With a survey that could be described as pointless fluff at best and patronising drivel at worst, Vodafone D2 have trotted out the details of their ‘Women and Mobile Phones’ market research survey.
After interviewing 1,044 female mobile phone users aged between 14 and 49, Vodafone produced the astonishing conclusion that women are informed mobile phone users who know what they want.
Gosh! Whatever next? Women like food too?
The April 2005 survey, undertaken by GfK, apparently confirmed that women are confident mobile phone users with a “sound knowledge and overview of mobile communications when buying mobile phones, using handsets and services and in many daily mobile communication applications.”

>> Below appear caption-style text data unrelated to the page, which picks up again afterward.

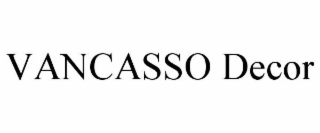 VANCASSO DECOR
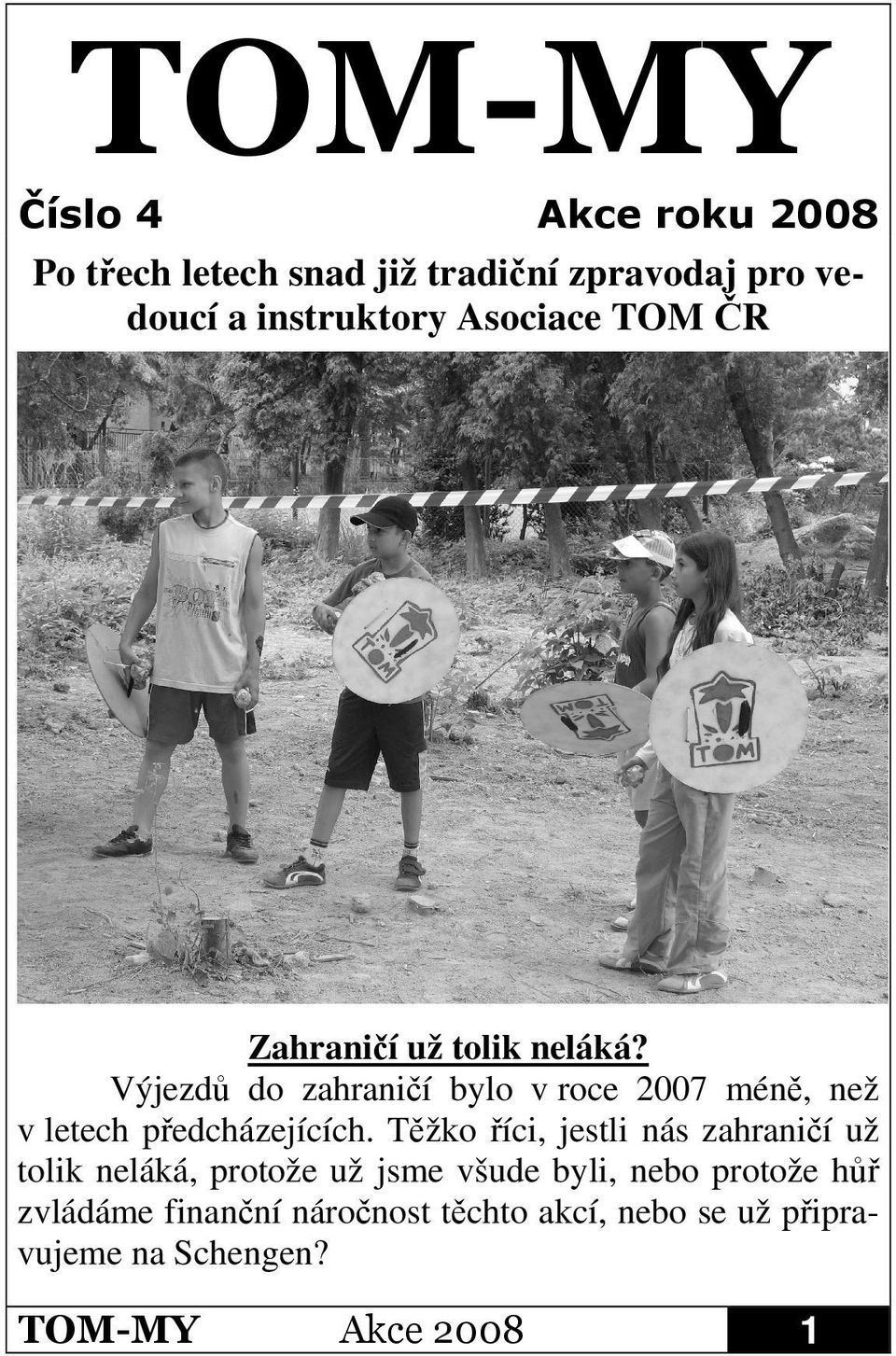 Výjezd do zahranií bylo v roce 2007 mén, než v letech pedcházejících.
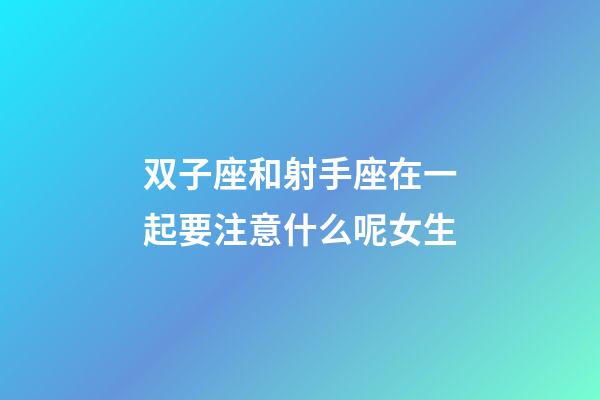 双子座和射手座在一起要注意什么呢女生-第1张-星座运势-玄机派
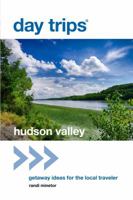 Day Trips(r) Hudson Valley: Getaway Ideas for the Local Traveler 1493007890 Book Cover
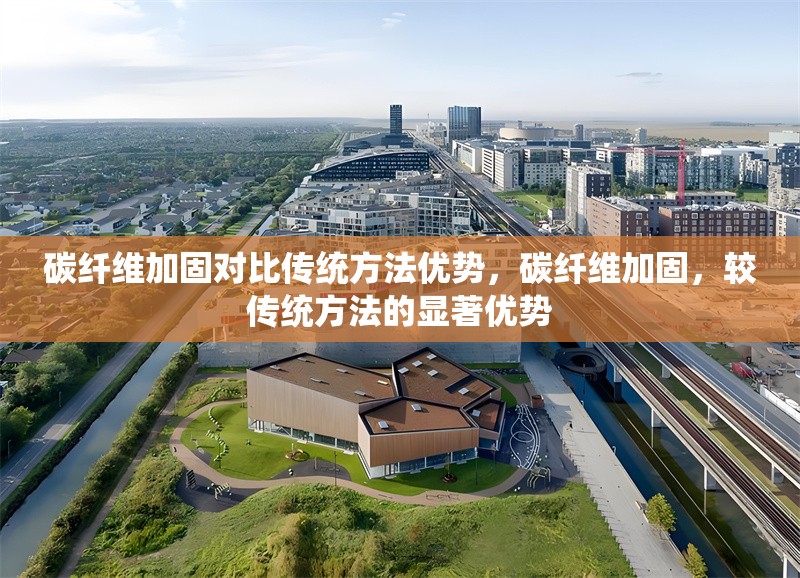 碳纖維加固對比傳統(tǒng)方法優(yōu)勢，碳纖維加固，較傳統(tǒng)方法的顯著優(yōu)勢 行業(yè)新聞 第6張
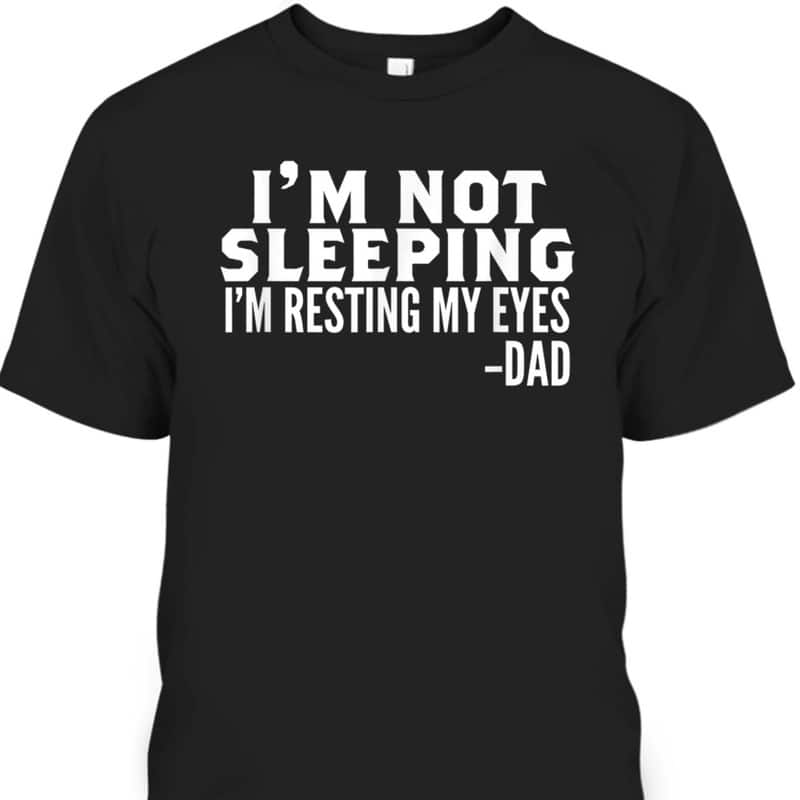 Funny Father's Day T-Shirt I'm Not Sleeping I'm Just Resting My Eyes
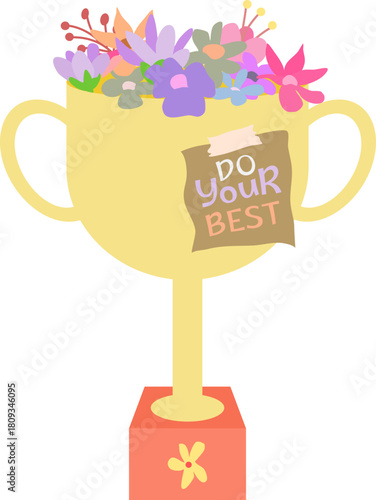 Golden trophy filled with colorful flowers and a handwritten message in soft tones. Cheerful and inspiring mood with playful decorative style. Ideal for planners, awards, and motivational themes.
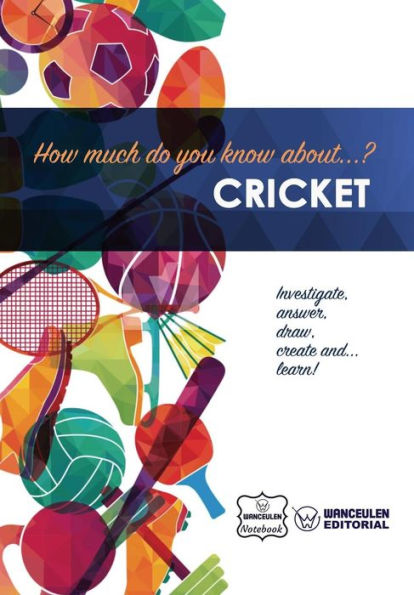 How much do yo know about... Cricket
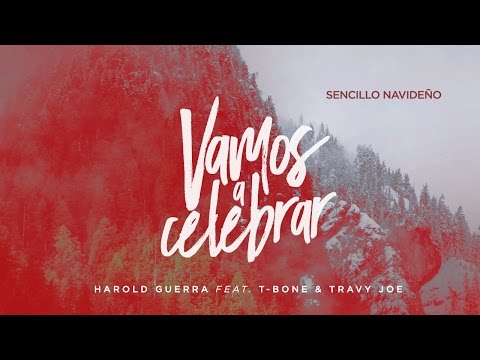 Harold Guerra (ft. T-Bone y Travy Joe)  - Vamos A Celebrar (Lyric Video)
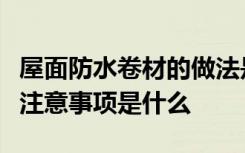 屋面防水卷材的做法是什么屋面防水卷材施工注意事项是什么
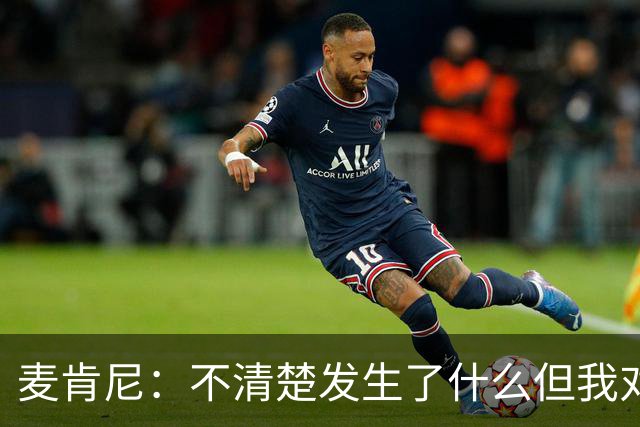麦肯尼：不清楚发生了什么但我对尤文有信心，目前我专注于世界杯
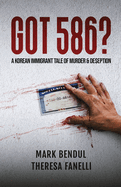 Got 586?: A Korean Immigrant Tale of Murder & De$eption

In other words, they can use mobile phones just like everyone else.
After wading through pages of the depressing minutiae contained in the report, I can reveal that one-third of women trust their own judgment when buying a phone, with the rest asking their husband, boyfriend, or a sales assistant (lesbians don’t seem to exist in this survey).
Vodafone’s survey tells us that women – just like the other half of the human race – are price conscious, with the operator’s tariff being ranked as the most important criteria (71 percent) for purchase, followed by the handset price (66 percent)

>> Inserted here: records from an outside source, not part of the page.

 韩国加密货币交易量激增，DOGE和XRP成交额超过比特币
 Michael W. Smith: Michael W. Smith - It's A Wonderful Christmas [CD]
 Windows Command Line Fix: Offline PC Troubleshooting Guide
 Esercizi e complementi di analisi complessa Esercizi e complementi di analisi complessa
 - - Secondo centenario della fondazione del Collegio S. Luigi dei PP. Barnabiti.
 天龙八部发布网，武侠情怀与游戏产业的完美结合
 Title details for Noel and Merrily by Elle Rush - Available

The report claimed to be “surprised” that the ‘typical female’ criterion of colour was only accorded a priority ranking of eleven out of a total of sixteen criteria.

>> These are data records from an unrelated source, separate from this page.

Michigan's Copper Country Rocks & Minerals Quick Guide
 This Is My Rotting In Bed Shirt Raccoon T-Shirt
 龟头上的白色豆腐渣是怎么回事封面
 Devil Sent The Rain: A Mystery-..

Predictably, the most used functions were text messages (92 percent), alarm clock function (72 percent), calendar (56 percent) and ring tones (50 percent).
Neatly half of women use the camera on their phone with 37 percent of respondents citing the provision of Bluetooth for wireless data transfer as important.
In another startlingly obvious conclusion, the survey reveals that games are used most frequently by the 14-19 years age group, and that camera, video and music functions are becoming “increasingly popular.”
Wow. I bet you didn’t know that.
The report seems almost disappointed that the ladies weren’t lining up to register their approval of pretty pink phones with sparkly bits on, with half of all respondents stating that mobile phone accessories are unnecessary ‘fashion gimmicks.’
Plumbing the absolute depths of irrelevant detail, the survey found that more than half of the women said that their favourite place for making mobile calls is a comfortable sofa, with 43 percent sitting on the patio or balcony and 31 percent preferring to make calls in bed. Fascinating stuff!
There’s even a bit at the end where the report tries to link the impact of mobiles on relationships between men and women, but we’d just about lost the will to live by then.
And so the report drones on in a never-ending stream of dreary stats of little consequence to anyone – and with no comparative stats for men’s mobile phone usage, this survey is not only one of the dullest we’ve ever read (and boy, we’ve seen some corkers!), it’s completely meaningless too.